I worked as a waitress for a couple weeks. I have great respect for waitresses but it wasn’t for me. My next move was to go to mechanics school because I was curious about engines. I got a job at a bus depot. Three weeks after I started, my boss called me, drunk, from a bar at about 10 p.m. on a Saturday night. He could barely speak but he managed to fire me.
I remember the panic. I was living on my own and had to pay the rent. How would I support myself? I called an old family friend who said I was born to be a writer and that I should apply for jobs at area newspapers.
I argued that I didn’t have a college degree or any writing experience. I didn’t even know how to type.
“You never know till you try,” she said.
So I applied at one newspaper — a semi-weekly now known as the Wyoming County Examiner, in Tunkhannock, Pennsylvania, where I had been living. Much to my surprise, they hired me!
My first assignment was a story on rabies and I wrote it like a college paper. My editor said, “It’s very good but it’s backwards.” And so began my foray into journalism.
Flash ahead a few years. I still didn’t have a college degree. And, although I never learned to type the right way, I could type wicked fast using just four fingers. I was young and ambitious and wanted to try working at a daily.
At the time I had been working for a weekly in the suburban Philadelphia area. I applied to its daily counterpart, The Reporter. I think I got that job because I managed to get into the locked building on a Sunday.
After I’d interviewed with the executive editor, the assistant city editor contacted me to ask me to do a trial story. The assignment was to cover a march against drugs that took place nearby on a Sunday morning.
The assistant city editor said she would not be there on the weekend. She gave me basic directions for putting the story into their system and then said they would expect it to be there Monday morning.
I covered the event and headed over to the newspaper office where, to my horror, I found it locked up tight. It had never occurred to me that no one would be at a daily newspaper office over the weekend.
This was before cell phones. I had no way to contact anyone at the paper. I had promised the story would be there the next business day and I wanted to honor my word. Besides, newspaper reporters are supposed to be resourceful, enterprising individuals, not quitters. So I continued pacing outside the building, trying to figure out the best course of action.

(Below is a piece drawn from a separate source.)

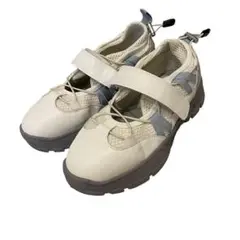 Rockfish Weathewear メッシュスニーカー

I walked around a little and came to another door. It appeared to be the composing room, where they built the pages. It was locked too, however.
I continued to pace and, as I walked past the composing room door another time, I saw two painters setting up drop cloths.
I knocked on the glass door and pointed to the doorknob. One of them let me in! Ecstatic, I darted into the room and asked, “Where’s the newsroom?”
“You mean you don’t work here?” said one of the painters.
“Not yet!” I said and shot up the stairs, afraid they would follow me, insisting on credentials.
I found the newsroom and, as I sat finishing up the story, I heard a deep voice behind me. It was the executive editor who had strolled into the room.
“So, Johanna,” his voice boomed. “Did you somehow manage to get a key?”
“No,” I answered. “I told the editor I would have the story in the system by tomorrow morning so I convinced some painters downstairs to let me in.”
I don’t think he said anything in response. But, I got the feeling it all clicked for him. I got the job, after all.
I had a track coach in high school who used to say, “There’s no such thing as luck. You got to make your own breaks.”
I disagree on the luck part. Luck is circumstance. Luck was losing my dad at a critical time in my life. Luck was having a handicapped sister and a mother who couldn’t handle it.
But I do believe in making your own breaks. That means jumping in and going after what you want, even if you don’t think you’re prepared. And sometimes it means finding your way inside a locked building.
When you make your own breaks, the rewards are boundless.